[DIRECTIONS] From the first line to the last, print the material exactly, skipping the pictures.

[DATA EXTRACT]
++++++

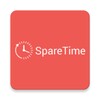 SpareTime Provider icon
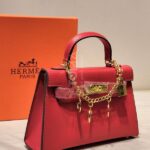 hermes 20-6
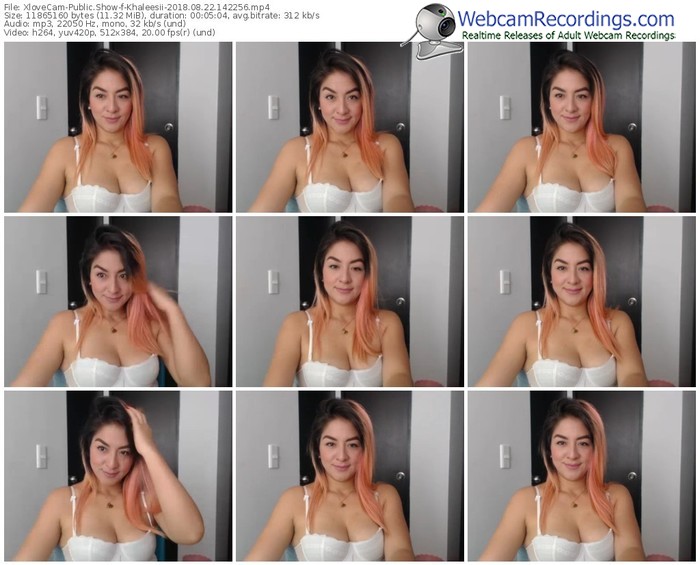 xlovecam-khaleesii-webcam-show-08_22_2018-14_22_56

++++++

[TASK SOLUTION]
 SpareTime Provider icon
 hermes 20-6
 xlovecam-khaleesii-webcam-show-08_22_2018-14_22_56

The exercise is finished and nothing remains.